La recherche suisse maintient un cap soutenu, si l'on en croit les chiffres publiés la semaine dernière par l'Office fédéral de la statistique (OFS) et EconomieSuisse. Ainsi, les entreprises privées ont dépensé près de 12 milliards de francs pour les activités de recherche et développement (R&D) qu'elles ont menées en Suisse en 2008. Ce montant est supérieur de 2,3 milliards (+24%) aux dépenses enregistrées en 2004 (9,6 milliards), année du dernier relevé. Ce chiffre représente environ 2,2% du produit intérieur brut (PIB), la moyenne des pays de l'Union européenne se fixant à 1,1%. Ce résultat permet à la Suisse de se maintenir dans le haut du classement au niveau mondial, soit à la 6e place.
Internationalisation
L'enquête a surtout révélé une claire internationalisation de la R&D. Les dépenses effectuées à l'étranger par les filiales des entreprises suisses ont augmenté de 64% en quatre ans pour atteindre le niveau record de 15,8 milliards de francs. Elles dépassent de la sorte largement le montant des dépenses consacrées à la R&D intra-muros en Suisse (2008: 12 milliards), note l'OFS.

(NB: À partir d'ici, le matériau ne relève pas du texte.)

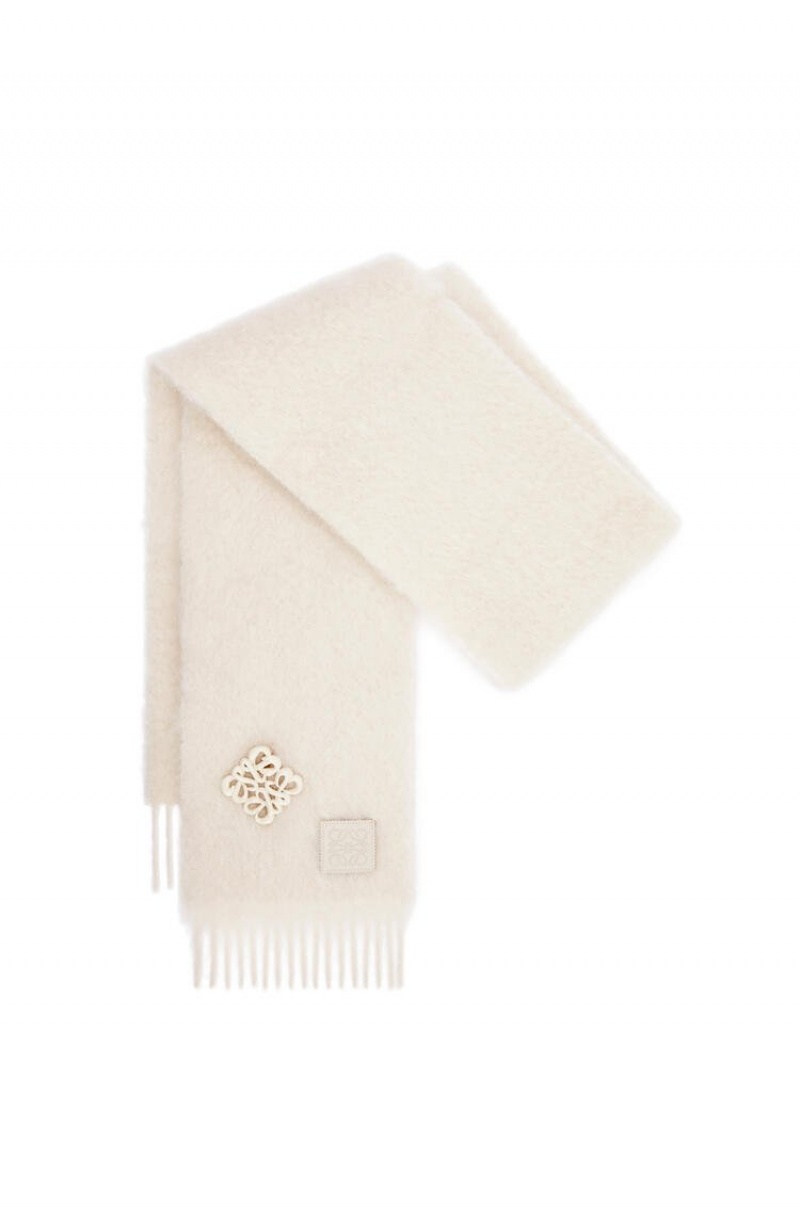 Bufandas Loewe Scarf in mohair and wool Mujer Blancas | 108GQIXOU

Pour Rudolf Minsch, chef de la division économie à EconomieSuisse interrogé par l'agence AP, cela ne signifie pas que les multinationales tournent le dos à la recherche suisse. Mais elles cherchent les meilleures conditions à l'échelle mondiale.
Rudolf Minsch constate cependant que la hausse supérieure à la moyenne des dépenses de recherche à l'étranger «n'a pas cannibalisé la recherche helvétique». «L'évolution reflète plutôt la mondialisation de l'ensemble de la chaîne de création de valeur, y compris dans le domaine de la recherche et du développement», selon le spécialiste d'EconomieSuisse. Et de noter au passage qu'une part considérable de l'augmentation des dépenses de recherche intra-muros à l'étranger s'explique par des rachats d'entreprises et l'intégration de groupes de recherche extérieurs ou de start-up axées sur la recherche.
Pharmas très actives
Les dépenses de R&D intra-muros se concentrent sur un nombre relativement restreint de branches en Suisse. Avec un montant de 4,6 milliards, la branche Pharmacie effectue à elle seule plus du tiers du total de ces investissements. Avec des dépenses de 1,4 milliard, la branche Machine reste le deuxième acteur le plus important. Toutefois, les dépenses intra-muros du secteur ont reculé de 12,5% par rapport à 2004.
«Le dynamisme des activités de R&D, note enfin l'OFS, permet une progression de 20% des emplois par rapport à 2004. Avec 39 832 emplois, l'année 2008 constitue un nouveau sommet.»